Exemplarisch seien die Kommentare erwähnt, mit denen sich das 18jährige Erstsemester über den renommierten schlesischen Philosophen Kuno Fischer äußert: „Heute Morgen ärgerte ich mich über Kuno Fischer, der zwar eine blendende Kritik von Schopenhauers System lieferte, aber auch wieder in höchst unangenehmer Weise Theater spielte und eine neue Art, sich zu putzen, ausfindig gemacht hat. Läuft der Herr doch jetzt gar in einem schwarzen talarartigen Mantel, den er als Toga gefaltet trägt und mit einem Jesuitenbarett. Und anstatt über den Ludwigsplatz in die Plöckstraße zu gehen, wo er wohnt, sehe ich ihn fast jeden Morgen auf dem Wege zum Paukboden die ganze Hauptstraße entlang traben, damit jeder dies täglich Novitäten bringende Modejournal betrachten kann.“ – Im Nachgang zu diesem „Erguß“ räumt Weber zugleich ein, dass ihm dieser Professor auch deshalb so „widerwärtig“ sei, da er um dessentwillen bereits um ¼ 7 Uhr aufstehen müsse – „wenn er nicht mit so erfreulicher Klarheit vortrüge.“ Stellt man die Tatsache daneben, dass der Herr Studiosus erst einen Monat davor zu einem „unglaublich luxuriösem Essen“ bei eben diesem Kuno Fischer zu Hause eingeladen war, so entsteht unschwer der Eindruck eines einigermaßen opportunistischen Verhaltens. Wenig später, wieder nach einem Zusammensein im Haus von Bekker – mit „vorzüglichem Sekt und Bombennummern von altem Burgunder und Bordeaux“ –, charakterisiert er seinen Gastgeber und Professor so: „Er, Bekker, ist ein gemütlicher, witziger alter Junggeselle und Hypochonder, mit dem zusammen zu trinken zunächst entschieden das Beste ist, was man mit ihm anfangen kann.“
Schon diese wenigen Angaben, die unschwer zu ergänzen wären durch ähnliche Ausführungen über weitere seiner Heidelberger Lehrer und seines Professorenonkels Adolf Hausrath, machen deutlich, womit wir es bei diesem arroganten Charlottenburger Muttersohn zu tun haben. Allein seine Schilderung der Gäste bei solchen Zusammenkünften – „ alte Baronessen aus Copenhagen, junge Franzosen, polnische Grafen etc., allerhand Gesindel, welches mich sehr kalt ließ.“ – zusammen mit der sehr speziellen Mischung aus Gespött und fachlicher Anerkennung belegt, wie recht seine Lehrer im Gymnasium hatten, die über ihn zwar berichteten, dass er über „hervorragendes – jedoch leider ohne Schulfleiß – erworbenes Wissen“ verfüge, aber „Zweifel an der sittlichen Reife des unbequemen, innerlich respektlosen Jüngling“ hegten.
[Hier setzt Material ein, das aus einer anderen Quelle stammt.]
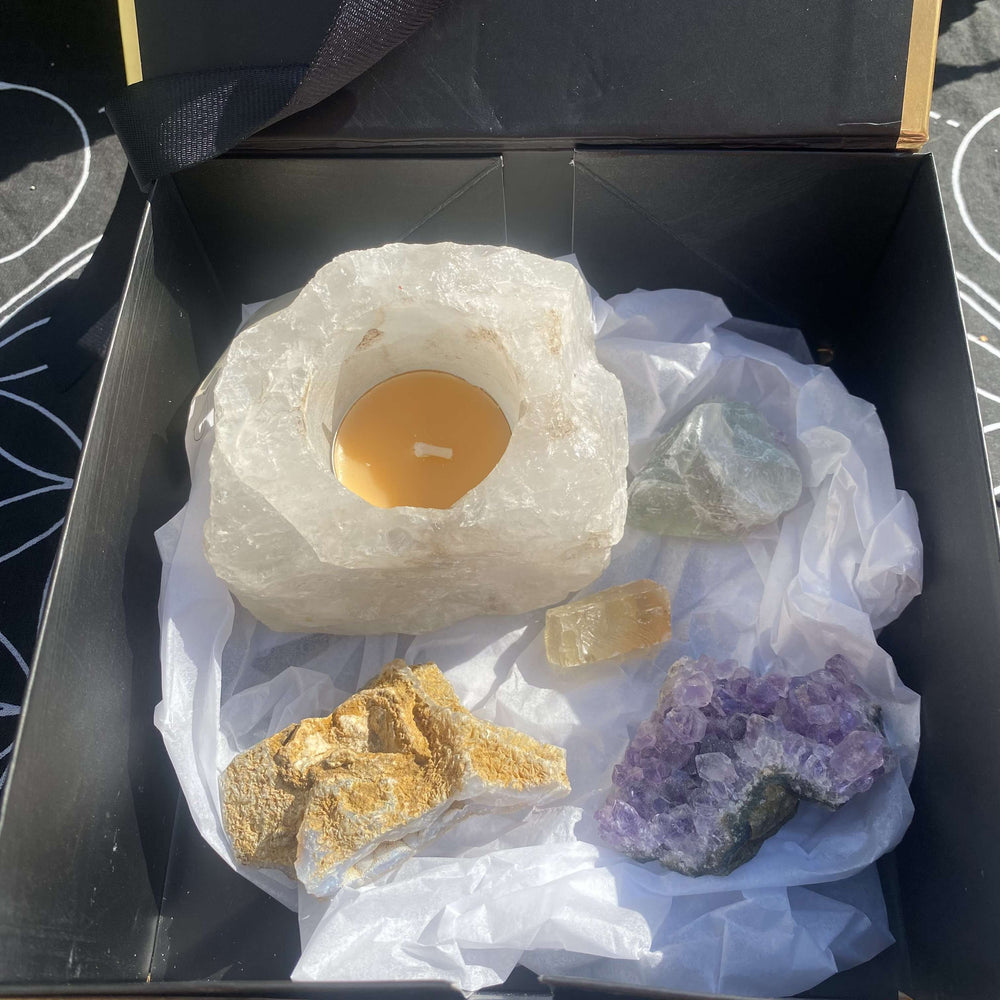 An overhead view looking into a premium, square open gold gift box. The five healing crystal specimens are nestled safely together on top of a soft bed of protective white tissue paper packaging, presenting a luxury unboxing experience for crystal lovers.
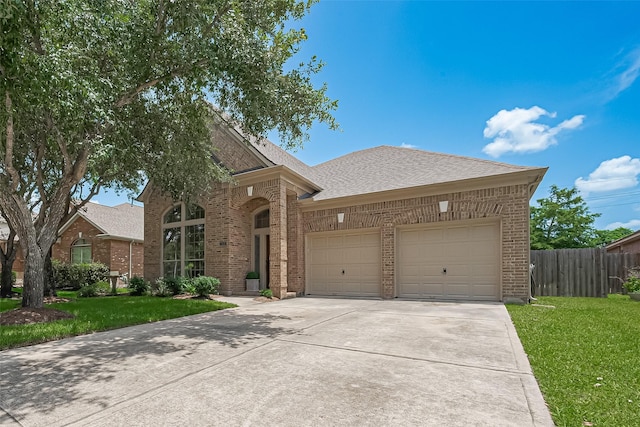 3631 Rocky Ledge Ln, Katy, TX 77494 - view of front of house featuring brick siding, an attached garage, driveway, and a shingled roof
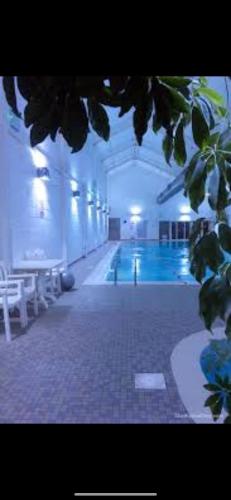 a swimming pool in a large building with a swimming pool at Seafolly Beach House The Bay Filey Step Free Accommodation Private Offstreet Parking in Filey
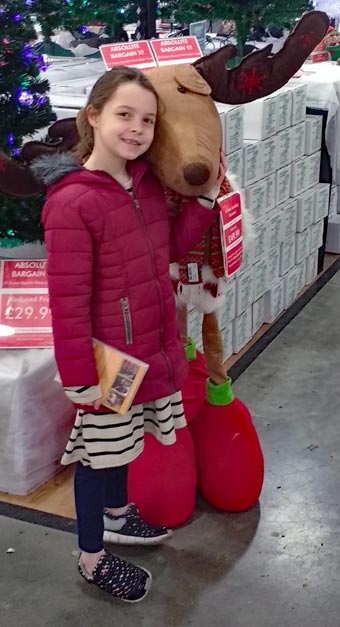 Freya and Alice at Country Market - they wouldn't pose together by the reindeer, hence two photographs!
Wer sich heute über die Sozialisationsetappen des universitären Studiums vor Beginn der Weimarer Republik und deren Ergebnisse detaifreudig informieren möchte, dem sei – neben der Lektüre von Heinrich Manns „Der Untertan“ – die Vertiefung in diese Semesterberichte Max Webers ans Herz gelegt. Es gibt wenig Grund, der damaligen Heidelberger Studentenfröhlichkeit nachzutrauern.
Der Offiziersanwärter
Ähnliches gilt für die tagebuchartigen Briefe, in denen Max Weber über seine Zeit im Militär nach Hause berichtete. Sie stellen ein grandioses Dokument der Sozialisationspraktiken des preußischen Heereswesen dar, das als hervorragende Materialsammlung der schon bisher reichlich vorliegenden Literatur über „Die kasernierte Nation“ (Ute Frevert) und das Verhältnis von Zivilgesellschaft und Militärdienst hinzugefügt werden sollte.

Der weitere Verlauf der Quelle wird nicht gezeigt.